Dans White Bird, l’adolescence est tout autant le sujet qu’elle est le point de vue. C’est avec le regard de l’ado qu’Araki montre la banlieue américaine et ses non-dits, la mort d’un couple, la comédie des apparences. Le film, pas plus que le livre, ne repose sur le suspense. L’enquête y est toute secondaire. Même si à la fin le mystère sera résolu, l’enjeu se situe ailleurs : le film articule le passé, montrant la déliquescence d’un foyer américain, et le présent, où Kat tente de s’en sortir après la disparition de sa mère. Comment elle continue de vivre sa vie d’ado, tant bien que mal, alors que l’investigation policière traîne les pieds.

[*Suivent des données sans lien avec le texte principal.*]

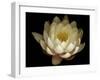 Water Lily A1: Yello & White Water Lily-Doris Mitsch-Framed Photographic Print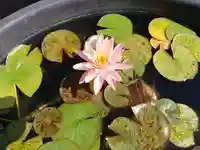 極楽山 浄土寺の自然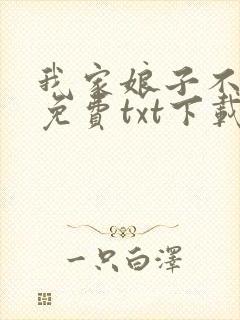 我家娘子不对劲免费txt下载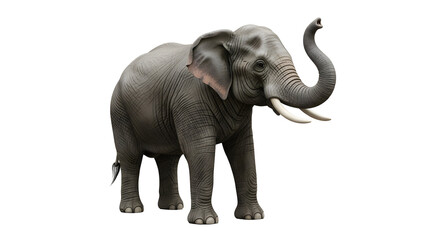 African elephant isolated on transparent background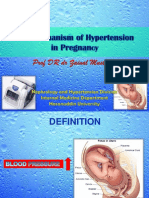 Mekanisme Hipertensi Kehamilan 2011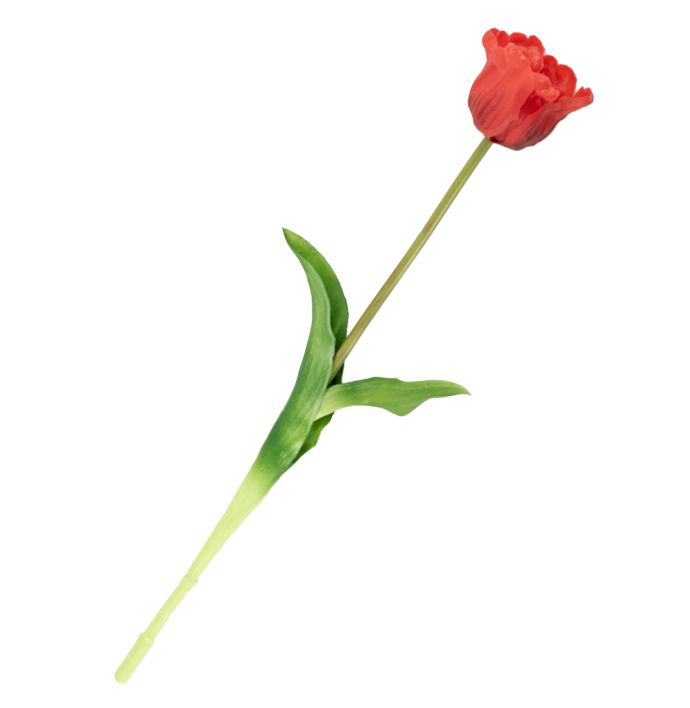 Kunst tulp open real touch rood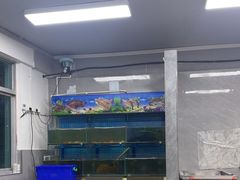 -林记潮汕海鲜砂锅粥(平潭店)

Araki rend compte de cela en adoptant une esthétique ouatée et aérienne, toute en flottements. Il faut mentionner les très belles séquences hallucinées où Kat, prise dans le blizzard, voit sa mère lui apparaître, tel un oiseau tombé du nid couché dans la neige. Le film alterne entre passé et présent, scènes oniriques, souvenirs et réalité avec une grande fluidité, sur les douces mélodies aux sonorités froides des groupes des années 80. La voix-off de Kat ne se contente jamais de surligner le propos, elle apporte un supplément de poésie et forme un liant entre les différentes séquences. De courtes scènes, comme des vignettes sorties de réclames des années 50, nous montrent les débuts du couple formé par Eve et Brock. Ces images rappellent le cinéma de Douglas Sirk : le malheur y couve sous le glacis publicitaire. Très vite, les dysfonctionnements s’y installent.

Eve et sa beauté se détachent trop dans la tapisserie d’une banale banlieue, elles ne sauraient y trouver leur place. Au cours d’une pathétique scène de séduction, Eve apparaît ivre, en robe de soirée, au sommet des escaliers de la cave où Kat se retrouve avec son petit ami. Elle mime une divinité qui descendrait de l’Olympe pour rendre visite aux mortels, mais elle ne parvient qu’à faire des gestes de poupée désarticulée. Face à elle, Brock est un mari pataud, incapable d’entretenir la flamme du désir et se laissant lamentablement humilier. Surtout, sa fille lui renvoie son reflet en négaitf. L’adolescente entre dans sa peau d’adulte, elle plait aux garçons, elle a ses premiers rapports sexuels : voilà de quoi déclencher la jalousie et la fureur de la mère. Dans ce petit théâtre, chacun joue la comédie qu’il est censé jouer. Après la disparition, Kat se rend ainsi chez une psy et décrit les séances comme un jeu de rôle joué sans conviction entre le docteur et sa patiente.

Au final, les thématiques d’Araki reprennent le dessus. Le cinéaste modifie la fin par rapport au roman pour accentuer plus encore la comédie des faux-semblants et tordre le cou aux idées reçues sur l’identité sexuelle. Tout en refusant de jouer le disque de ses anciens films, il reste fidèle à lui-même. Seulement, il s’ouvre à un autre univers et s’intéresse à une Amérique à l’apparence de banalité, comme en contrechamps au reste de sa filmographie. Or ceux qui habitent ce décor n’en sont pas moins, sinon plus désorientés que les ados tourmentés des opus précédents. Œuvre de la maturité ? Non, car l’œil d’Araki a toujours été mature. Les excès qui s’affichaient à l’écran étaient toujours pris dans un regard, lui, d’une grande sérénité.

Alors certes, il faut gratter un peu pour retrouver dans White Bird l’univers du réalisateur. Mais du reste, aimer un cinéaste, ce n’est pas en attendre toujours le même refrain, c’est être attentif aux nouvelles voies qu’il emprunte. Baignée dans une atmosphère cottoneuse, la rencontre du réalisateur avec l’univers de Laura Kashischke est l’occasion de saisir une autre facette de l’adolescence américaine, et d’ouvrir un nouveau chapitre dans son œuvre.